TASK GOAL: The result should be the full listing copied exactly, with no pictures in it.

══ GIVEN DATA ══

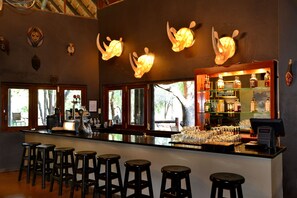 Bar (on property) - Black Rhino Game Lodge (Pilanesberg National Park)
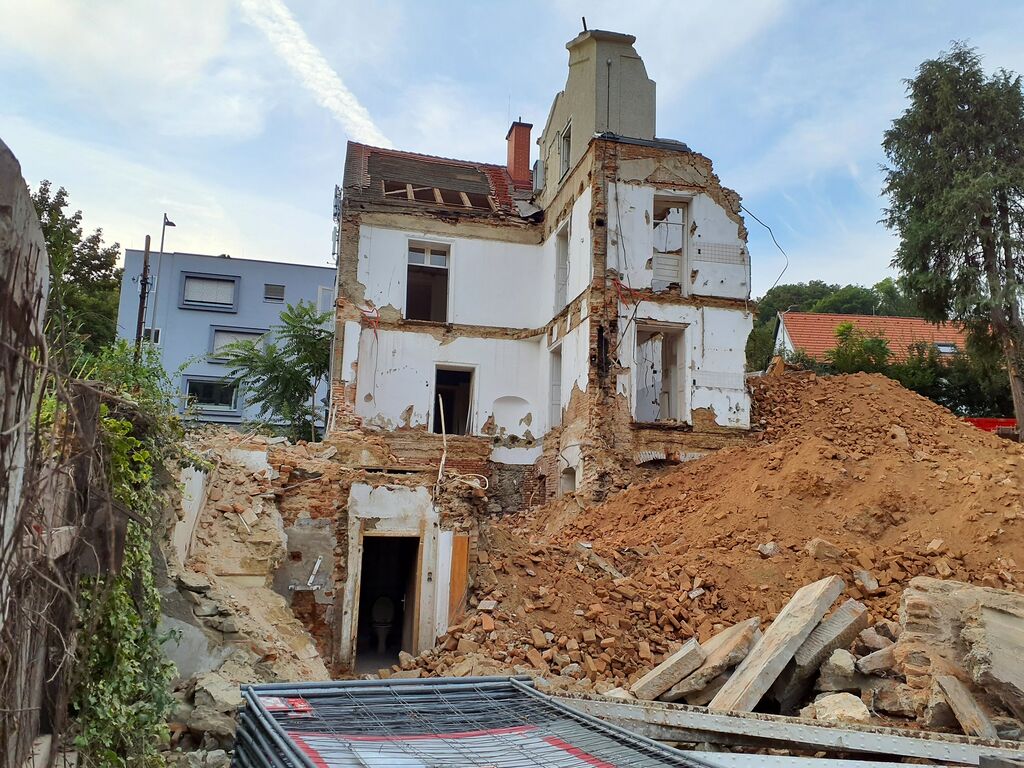 Datei:Villa Brauner, Abriss (2).jpg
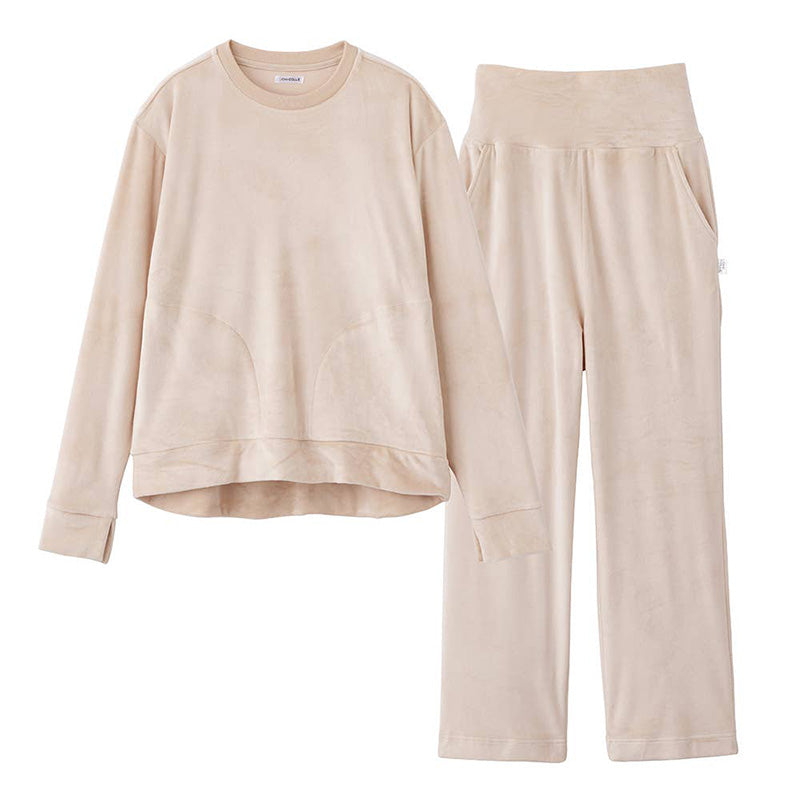 ウチコレ レディース ベロア ルームウェア パジャマ 長袖 冬 ポケット付き 上下セット グンゼ M L 部屋着 暖かい あったか もこもこ おしゃれ 可愛い かわいい 着丈長め 股上深め やわらか ドロップショルダー 防寒 寒さ対策 体型カバー (在庫限り)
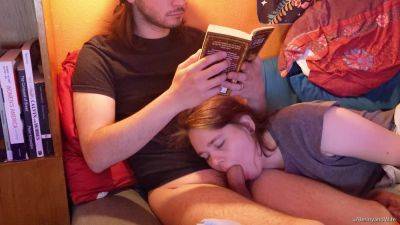 My boyfriend loves to read a book while I keep his cock in my mouth. on freefilmz.com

═══

REPLY:
 Bar (on property) - Black Rhino Game Lodge (Pilanesberg National Park)
 Datei:Villa Brauner, Abriss (2).jpg
 ウチコレ レディース ベロア ルームウェア パジャマ 長袖 冬 ポケット付き 上下セット グンゼ M L 部屋着 暖かい あったか もこもこ おしゃれ 可愛い かわいい 着丈長め 股上深め やわらか ドロップショルダー 防寒 寒さ対策 体型カバー (在庫限り)
 My boyfriend loves to read a book while I keep his cock in my mouth. on freefilmz.com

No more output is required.